**TASK TO COMPLETE:**
Output the entries in full and verbatim, pictures omitted.

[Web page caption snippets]
BEGIN
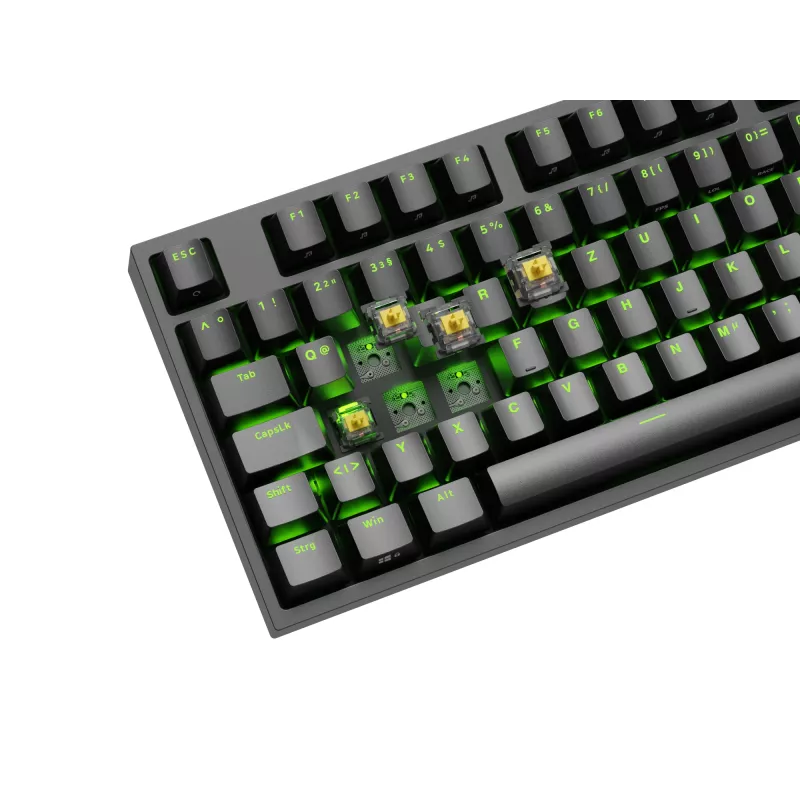 GENESIS Thor 404 TKL tastatūra Spēļu USB QWERTZ Vācu Melna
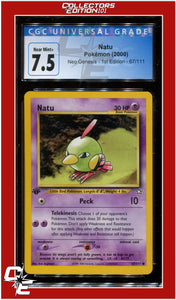 Neo Genesis 1st Edition Natu 67/111 CGC 7.5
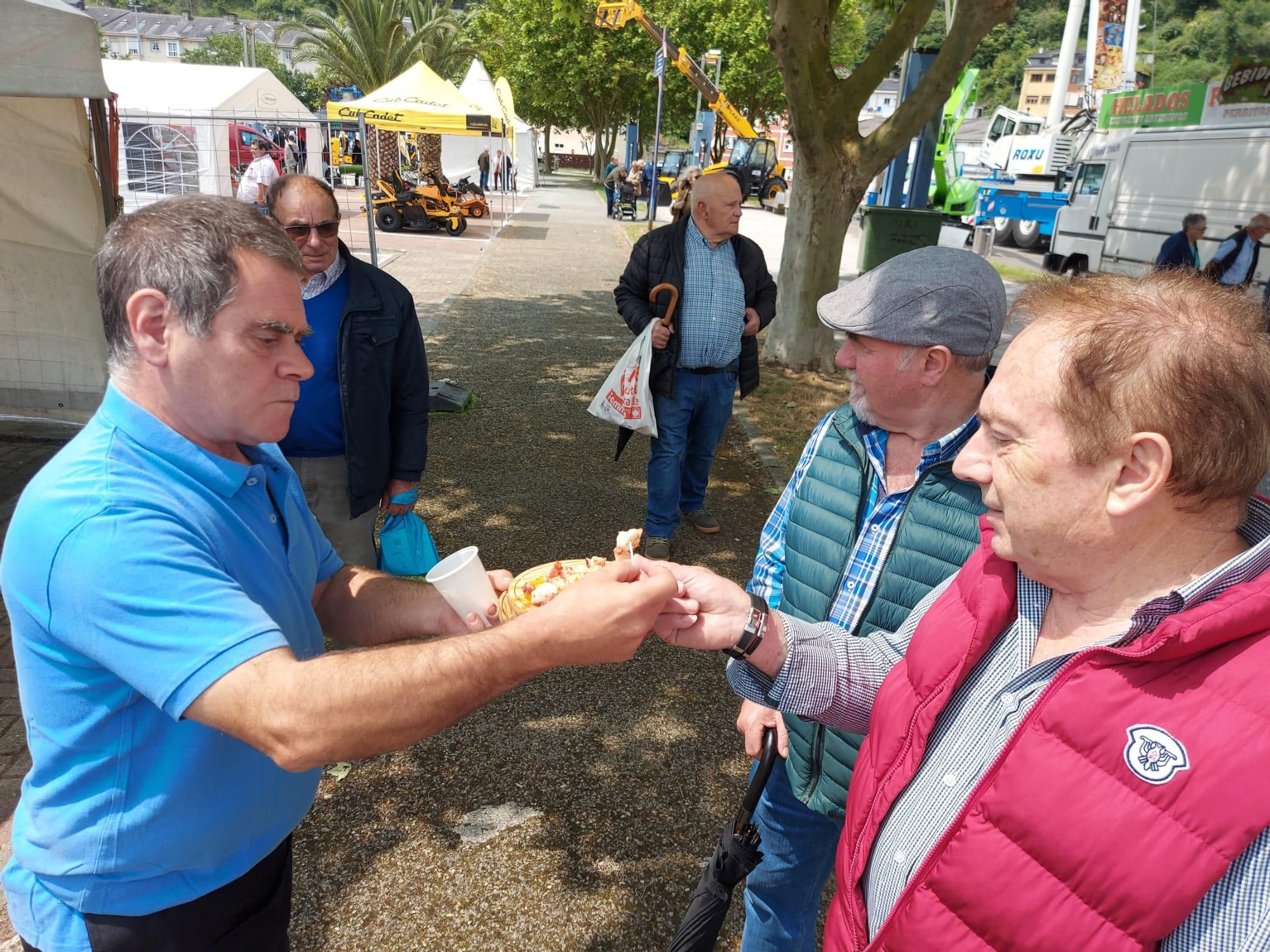 En imágenes: Así fue la primera jornada de la Feria de Muestras de Vegadeo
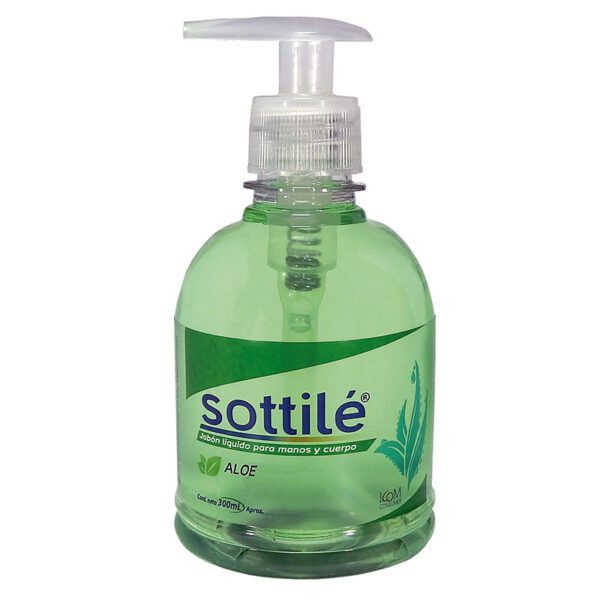 Jabón Líquido Antibacterial Sottile Áloe 300 Ml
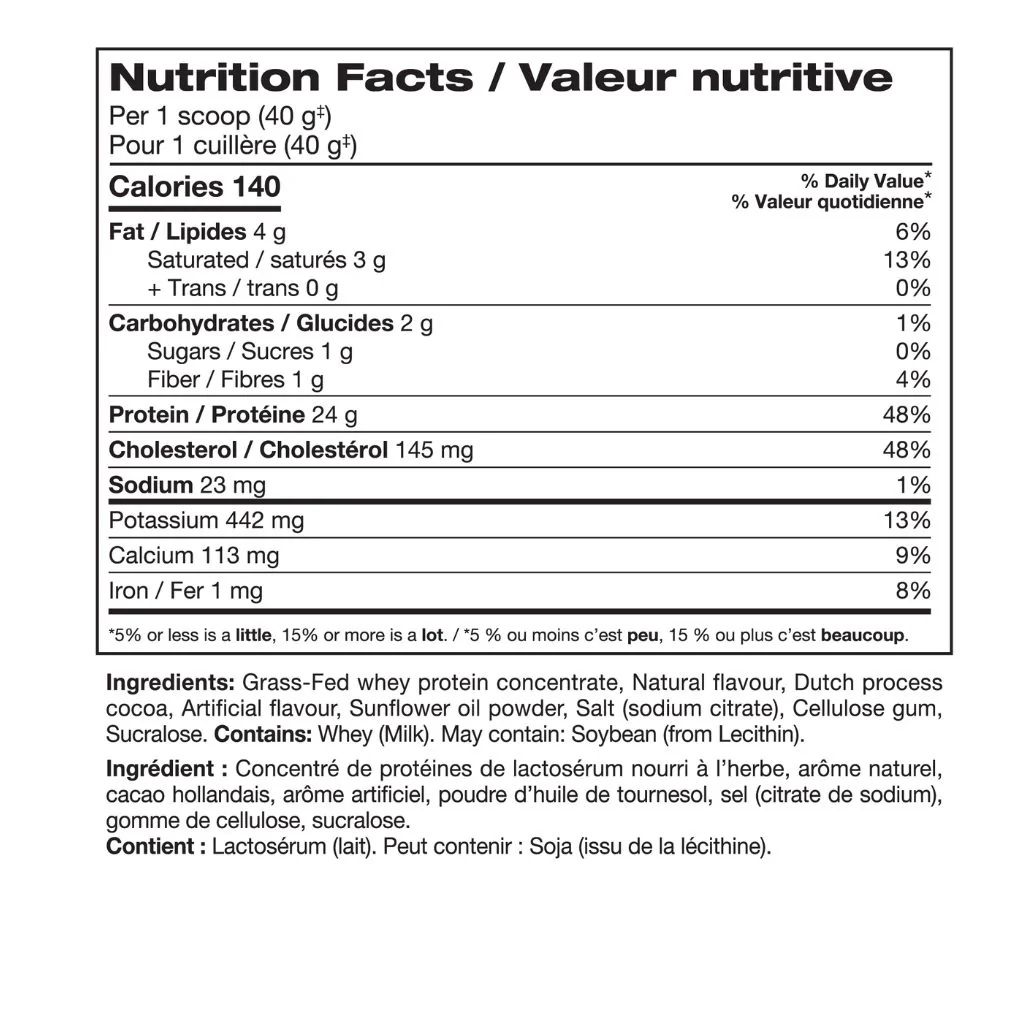 Perfect Sports ULTRA FUEL GRASS FED WHEY PROTEIN, 4lb - Image 5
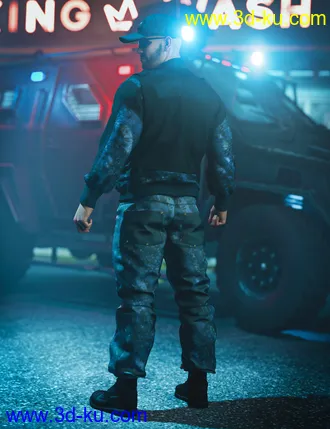3D打印模型Street Tactical Fashion for Genesis 8 and 8.1 Male的图片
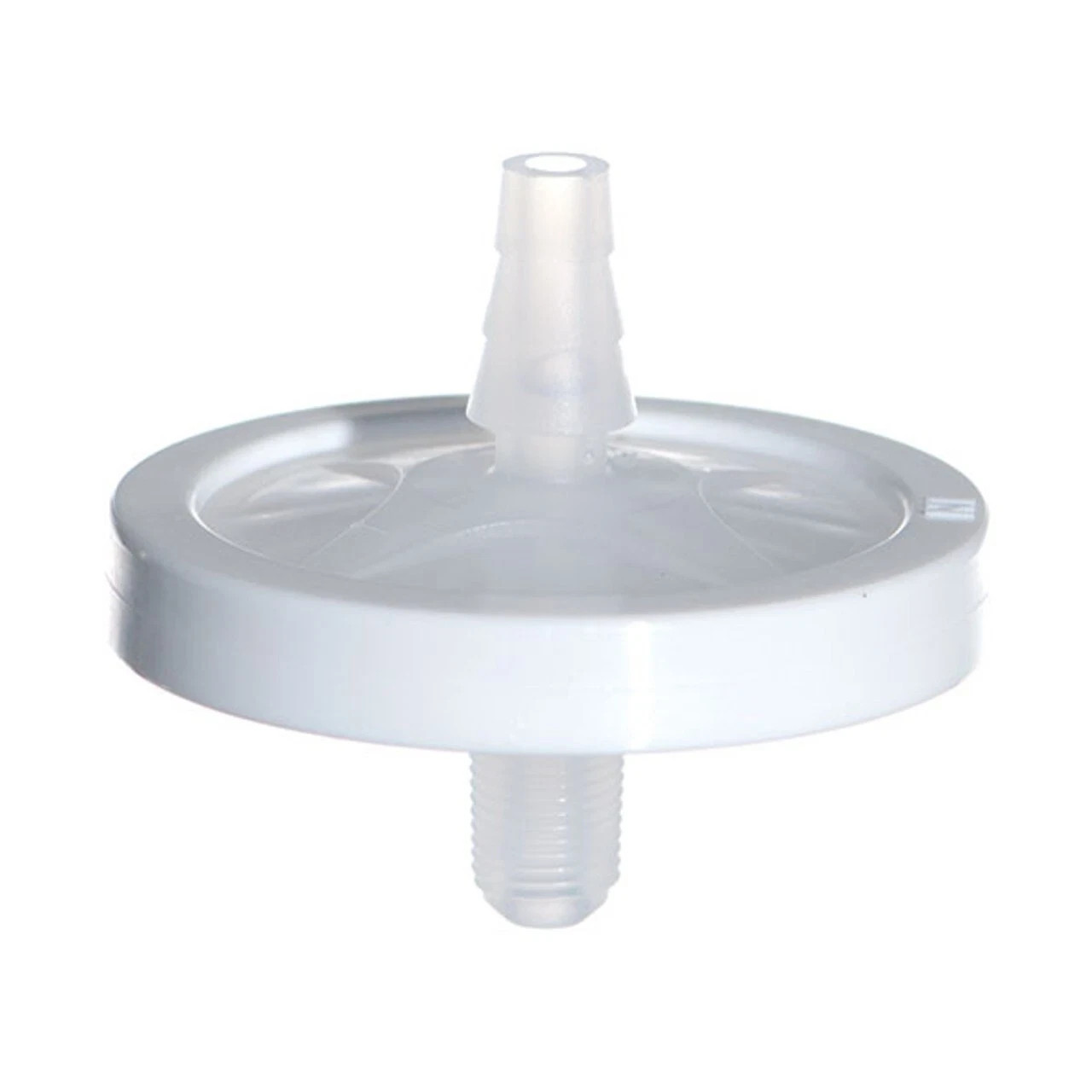 Suction Bacteria Filter 1/8” Screw Mount, 1/4” to 3/8” Barb, AG Industries BF400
END
**TASK ANSWER:**
 GENESIS Thor 404 TKL tastatūra Spēļu USB QWERTZ Vācu Melna
 Neo Genesis 1st Edition Natu 67/111 CGC 7.5
 En imágenes: Así fue la primera jornada de la Feria de Muestras de Vegadeo
 Jabón Líquido Antibacterial Sottile Áloe 300 Ml
 Perfect Sports ULTRA FUEL GRASS FED WHEY PROTEIN, 4lb - Image 5
3D打印模型Street Tactical Fashion for Genesis 8 and 8.1 Male的图片
 Suction Bacteria Filter 1/8” Screw Mount, 1/4” to 3/8” Barb, AG Industries BF400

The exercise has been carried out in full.